The factory that produces humanoid robots every 30 minutes: they will build cars and home appliances.

On March 29, 2026, a factory in Guangdong, China, commenced operations. Among its capabilities according to its management it can deliver a finished humanoid robot every 30 minutes.

With an estimated annual production of up to 10,000 units, the project aims to transition from small scale experimentation to mass industrial production, set against a global backdrop of accelerating competition in humanoid robot development.

Large-Scale Assembly

The new production line was driven by a collaboration between Leju Robotics and Dongfang Precision Science and Technology. The latter previously known for its packaging equipment for corrugated cardboard has expanded its scope of operations into contract robotics. The facility incorporates 24 stages of precision assembly and 77 inspection checkpoints. This design allows each humanoid robot to be completed in half an hour, boosting efficiency by approximately 50% compared to conventional methods.

The factory features a flexible manufacturing system based on automated guided vehicles and digital control systems. This approach allows for switching between different robot models without altering the line's physical structure a capability that facilitates the fulfillment of diverse orders from industries such as the automotive and home appliance sectors.

Before shipment, each robot undergoes 41 tests simulating real jobs, operating conditions a measure designed to guarantee reliability when these humanoid robots are integrated into industrial processes for continuous operation.

The Contract Manufacturing Model and the Software Challenge

The aforementioned alliance highlights a key trend within the robotics sector: specialization by area. While Leju handles design and software development, Dongfang Precision takes charge of large-scale production, systems integration, and after-sales service. This model aims to overcome one of the primary challenges in robotics: transforming advanced prototypes into reliable machines suitable for mass production.

Dongfang Precision’s stake in Leju Robotics holding a 2.8% interest in the company helps align incentives between the two parties. This type of collaboration accelerates the market deployment of robotic solutions and reflects a broader cooperative model prevalent within the emerging ecosystem of physical artificial intelligence.

Despite advancements in hardware and supply chains, software development remains the critical outstanding factor. The industry faces the challenge of equipping humanoid robots with operating systems robust enough to respond effectively to complex work environments.

Software remains the key challenge, placing pressure on AI developers to transform these machines into useful workers, moving beyond mere technological showcases.

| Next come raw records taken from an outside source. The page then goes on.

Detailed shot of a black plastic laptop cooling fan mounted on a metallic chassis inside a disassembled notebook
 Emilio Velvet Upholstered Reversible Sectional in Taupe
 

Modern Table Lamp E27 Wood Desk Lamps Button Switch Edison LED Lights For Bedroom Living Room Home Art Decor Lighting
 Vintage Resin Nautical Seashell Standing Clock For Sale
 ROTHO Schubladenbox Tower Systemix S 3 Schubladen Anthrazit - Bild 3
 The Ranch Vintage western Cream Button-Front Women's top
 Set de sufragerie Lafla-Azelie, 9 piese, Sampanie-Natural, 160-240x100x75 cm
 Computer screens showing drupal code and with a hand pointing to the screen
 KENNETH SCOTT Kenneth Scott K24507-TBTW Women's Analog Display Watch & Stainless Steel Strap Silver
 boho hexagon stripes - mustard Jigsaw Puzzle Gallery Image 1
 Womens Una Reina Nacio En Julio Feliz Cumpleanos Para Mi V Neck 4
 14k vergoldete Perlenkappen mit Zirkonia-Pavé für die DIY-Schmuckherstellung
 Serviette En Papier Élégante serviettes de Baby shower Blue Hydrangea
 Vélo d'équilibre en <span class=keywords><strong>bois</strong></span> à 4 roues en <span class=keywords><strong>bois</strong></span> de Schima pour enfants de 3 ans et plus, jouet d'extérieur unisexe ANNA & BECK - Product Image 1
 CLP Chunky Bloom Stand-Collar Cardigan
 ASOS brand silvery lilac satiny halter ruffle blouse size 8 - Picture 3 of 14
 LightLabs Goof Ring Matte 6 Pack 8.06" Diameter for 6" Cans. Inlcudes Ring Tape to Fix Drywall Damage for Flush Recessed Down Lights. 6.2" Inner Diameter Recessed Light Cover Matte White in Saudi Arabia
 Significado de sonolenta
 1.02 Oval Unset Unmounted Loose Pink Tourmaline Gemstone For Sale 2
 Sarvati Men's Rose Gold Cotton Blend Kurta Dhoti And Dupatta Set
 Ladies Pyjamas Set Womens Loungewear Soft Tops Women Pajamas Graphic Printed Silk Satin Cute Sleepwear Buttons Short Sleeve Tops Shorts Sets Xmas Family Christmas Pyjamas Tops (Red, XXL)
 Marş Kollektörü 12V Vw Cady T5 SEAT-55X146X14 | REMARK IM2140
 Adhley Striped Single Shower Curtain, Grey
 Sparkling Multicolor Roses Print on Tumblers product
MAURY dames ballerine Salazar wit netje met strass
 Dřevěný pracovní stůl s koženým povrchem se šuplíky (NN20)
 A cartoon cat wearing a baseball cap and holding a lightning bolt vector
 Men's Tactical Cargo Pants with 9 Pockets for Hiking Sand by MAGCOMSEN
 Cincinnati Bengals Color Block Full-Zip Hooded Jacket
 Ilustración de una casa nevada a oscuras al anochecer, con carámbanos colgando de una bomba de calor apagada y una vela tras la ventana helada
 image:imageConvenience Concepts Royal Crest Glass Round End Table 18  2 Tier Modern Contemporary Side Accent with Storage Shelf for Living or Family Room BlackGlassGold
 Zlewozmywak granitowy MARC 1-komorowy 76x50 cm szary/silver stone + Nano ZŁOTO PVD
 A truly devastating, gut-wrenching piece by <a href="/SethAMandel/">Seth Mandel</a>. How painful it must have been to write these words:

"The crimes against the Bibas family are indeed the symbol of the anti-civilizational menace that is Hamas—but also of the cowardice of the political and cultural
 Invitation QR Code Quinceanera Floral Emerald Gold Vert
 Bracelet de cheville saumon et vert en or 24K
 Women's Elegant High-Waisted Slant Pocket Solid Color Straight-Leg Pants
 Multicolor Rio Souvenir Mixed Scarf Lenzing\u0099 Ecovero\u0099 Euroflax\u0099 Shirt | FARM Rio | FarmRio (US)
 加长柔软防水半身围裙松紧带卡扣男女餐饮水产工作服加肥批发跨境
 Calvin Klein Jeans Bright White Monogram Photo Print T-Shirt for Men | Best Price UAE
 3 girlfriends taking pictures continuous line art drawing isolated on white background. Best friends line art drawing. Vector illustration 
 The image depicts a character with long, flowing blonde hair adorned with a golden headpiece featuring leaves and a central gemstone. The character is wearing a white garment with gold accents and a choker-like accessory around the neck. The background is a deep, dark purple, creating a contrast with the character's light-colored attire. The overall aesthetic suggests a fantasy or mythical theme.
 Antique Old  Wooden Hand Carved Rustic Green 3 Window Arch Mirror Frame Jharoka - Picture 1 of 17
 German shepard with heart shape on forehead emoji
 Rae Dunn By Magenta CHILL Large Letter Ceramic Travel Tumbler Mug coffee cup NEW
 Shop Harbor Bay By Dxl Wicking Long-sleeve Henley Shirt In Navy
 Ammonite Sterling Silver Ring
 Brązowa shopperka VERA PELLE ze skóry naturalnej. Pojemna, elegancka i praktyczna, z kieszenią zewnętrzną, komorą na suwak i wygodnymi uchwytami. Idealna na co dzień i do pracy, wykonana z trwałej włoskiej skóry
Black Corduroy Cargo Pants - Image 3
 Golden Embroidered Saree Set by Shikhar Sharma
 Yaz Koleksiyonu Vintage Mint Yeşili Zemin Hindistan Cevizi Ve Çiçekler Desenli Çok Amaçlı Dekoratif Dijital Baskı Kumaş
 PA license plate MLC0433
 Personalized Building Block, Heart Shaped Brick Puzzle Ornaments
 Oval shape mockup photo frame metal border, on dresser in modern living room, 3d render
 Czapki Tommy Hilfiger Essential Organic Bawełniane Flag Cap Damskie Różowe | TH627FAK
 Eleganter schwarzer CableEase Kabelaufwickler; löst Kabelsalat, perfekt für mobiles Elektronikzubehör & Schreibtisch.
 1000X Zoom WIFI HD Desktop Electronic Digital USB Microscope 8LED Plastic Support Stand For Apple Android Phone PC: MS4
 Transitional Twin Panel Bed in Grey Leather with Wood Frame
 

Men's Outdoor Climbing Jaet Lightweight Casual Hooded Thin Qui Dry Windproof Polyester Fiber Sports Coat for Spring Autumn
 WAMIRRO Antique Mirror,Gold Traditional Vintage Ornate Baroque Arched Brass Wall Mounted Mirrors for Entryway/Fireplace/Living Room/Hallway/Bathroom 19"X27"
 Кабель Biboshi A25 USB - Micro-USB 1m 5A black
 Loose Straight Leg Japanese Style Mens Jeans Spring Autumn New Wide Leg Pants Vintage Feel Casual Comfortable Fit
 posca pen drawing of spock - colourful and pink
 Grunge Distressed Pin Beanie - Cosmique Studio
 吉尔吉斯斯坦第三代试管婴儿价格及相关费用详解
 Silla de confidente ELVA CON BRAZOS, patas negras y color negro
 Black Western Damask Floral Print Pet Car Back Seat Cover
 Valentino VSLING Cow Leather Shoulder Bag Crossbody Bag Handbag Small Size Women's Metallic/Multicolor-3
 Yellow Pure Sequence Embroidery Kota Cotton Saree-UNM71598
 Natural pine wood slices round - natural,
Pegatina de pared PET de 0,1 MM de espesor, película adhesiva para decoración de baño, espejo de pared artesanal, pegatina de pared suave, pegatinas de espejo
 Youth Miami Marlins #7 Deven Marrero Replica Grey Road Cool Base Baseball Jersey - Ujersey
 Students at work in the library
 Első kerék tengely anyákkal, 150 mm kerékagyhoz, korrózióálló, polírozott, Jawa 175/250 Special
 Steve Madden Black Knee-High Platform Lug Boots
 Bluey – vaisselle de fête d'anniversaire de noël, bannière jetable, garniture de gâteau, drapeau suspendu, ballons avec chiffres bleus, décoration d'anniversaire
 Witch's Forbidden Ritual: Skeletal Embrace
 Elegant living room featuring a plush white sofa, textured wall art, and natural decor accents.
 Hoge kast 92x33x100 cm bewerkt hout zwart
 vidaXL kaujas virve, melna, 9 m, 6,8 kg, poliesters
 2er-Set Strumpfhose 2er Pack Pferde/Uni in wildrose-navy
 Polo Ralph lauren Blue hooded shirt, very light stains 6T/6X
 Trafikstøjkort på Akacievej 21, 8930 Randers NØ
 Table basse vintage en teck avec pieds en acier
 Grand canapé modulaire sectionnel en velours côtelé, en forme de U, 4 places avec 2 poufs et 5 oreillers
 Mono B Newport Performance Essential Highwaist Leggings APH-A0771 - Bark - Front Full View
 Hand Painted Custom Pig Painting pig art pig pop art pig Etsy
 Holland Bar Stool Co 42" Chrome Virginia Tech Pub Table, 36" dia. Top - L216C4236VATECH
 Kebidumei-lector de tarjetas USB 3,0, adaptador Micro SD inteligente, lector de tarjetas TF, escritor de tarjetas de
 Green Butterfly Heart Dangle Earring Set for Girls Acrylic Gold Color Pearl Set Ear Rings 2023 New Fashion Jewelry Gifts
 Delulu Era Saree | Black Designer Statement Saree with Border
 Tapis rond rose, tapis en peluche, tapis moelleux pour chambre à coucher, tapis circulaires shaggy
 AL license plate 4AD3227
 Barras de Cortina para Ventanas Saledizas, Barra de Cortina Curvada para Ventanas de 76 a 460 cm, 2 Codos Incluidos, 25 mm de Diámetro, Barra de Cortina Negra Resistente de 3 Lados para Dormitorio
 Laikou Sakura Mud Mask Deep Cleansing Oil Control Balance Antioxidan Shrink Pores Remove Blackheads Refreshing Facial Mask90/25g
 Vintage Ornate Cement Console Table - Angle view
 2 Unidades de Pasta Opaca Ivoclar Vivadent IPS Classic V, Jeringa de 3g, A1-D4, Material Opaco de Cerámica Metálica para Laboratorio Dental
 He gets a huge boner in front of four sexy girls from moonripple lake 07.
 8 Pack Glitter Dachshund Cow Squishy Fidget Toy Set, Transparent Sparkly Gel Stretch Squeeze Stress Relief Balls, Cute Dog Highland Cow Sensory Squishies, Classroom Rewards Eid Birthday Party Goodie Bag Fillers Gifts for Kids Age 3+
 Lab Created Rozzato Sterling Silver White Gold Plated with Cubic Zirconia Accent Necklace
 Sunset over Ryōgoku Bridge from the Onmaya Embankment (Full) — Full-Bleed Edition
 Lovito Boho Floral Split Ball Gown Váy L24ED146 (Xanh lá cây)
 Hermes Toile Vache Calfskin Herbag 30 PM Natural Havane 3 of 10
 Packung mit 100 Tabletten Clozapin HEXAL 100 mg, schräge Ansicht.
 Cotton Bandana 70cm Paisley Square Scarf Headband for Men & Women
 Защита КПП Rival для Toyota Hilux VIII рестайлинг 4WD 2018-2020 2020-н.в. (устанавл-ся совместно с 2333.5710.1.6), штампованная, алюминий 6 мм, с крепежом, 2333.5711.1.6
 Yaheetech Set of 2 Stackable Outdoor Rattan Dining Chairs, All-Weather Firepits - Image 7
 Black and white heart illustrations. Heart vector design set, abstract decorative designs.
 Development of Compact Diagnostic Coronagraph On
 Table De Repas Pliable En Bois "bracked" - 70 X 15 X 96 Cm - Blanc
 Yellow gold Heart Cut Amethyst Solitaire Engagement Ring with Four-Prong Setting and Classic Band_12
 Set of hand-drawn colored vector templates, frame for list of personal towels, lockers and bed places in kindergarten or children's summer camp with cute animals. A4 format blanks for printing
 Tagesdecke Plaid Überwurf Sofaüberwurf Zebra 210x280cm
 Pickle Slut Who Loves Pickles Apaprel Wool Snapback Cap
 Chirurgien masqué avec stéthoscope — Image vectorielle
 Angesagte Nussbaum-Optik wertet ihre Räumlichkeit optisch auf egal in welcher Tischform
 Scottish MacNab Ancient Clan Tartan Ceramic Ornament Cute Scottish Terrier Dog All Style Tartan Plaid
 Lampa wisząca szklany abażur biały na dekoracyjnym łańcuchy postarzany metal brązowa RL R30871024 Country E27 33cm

International Competition and Industry Pressure

The launch of the Guangdong plant positions Leju Robotics among the leading global manufacturers of humanoid robots. Other companies are also advancing rapidly: Agibot announced the production of its 10,000th humanoid robot, while Unitree Robotics is driving a $580 million funding campaign to support a facility capable of producing 75,000 units per year.

Meanwhile, UBTECH Robotics aims to reach an annual production volume of 5,000 units and reduce the cost per robot to below $20,000.

In this context, achieving an annual production output of 10,000 units represents both a milestone and a strategic imperative for Leju. In the current humanoid robotics market, manufacturing volume has become a decisive criterion for attracting investment and demonstrating the commercial viability of projects.

The advancement of the Guangdong production line reflects a trend in which manufacturing capacity, reliability in continuous operation, and the ability to rapidly adapt to new models are the factors that define industry leadership. As attention shifts toward software refinement, manufacturers are seeking to consolidate their position in a global race where industrial scale and flexibility serve as key differentiators.

To overcome their dependence on controlled environments and predefined tasks, robots must improve their ability to operate effectively in changing contexts and with diverse objects, without each new function requiring a lengthy retraining process.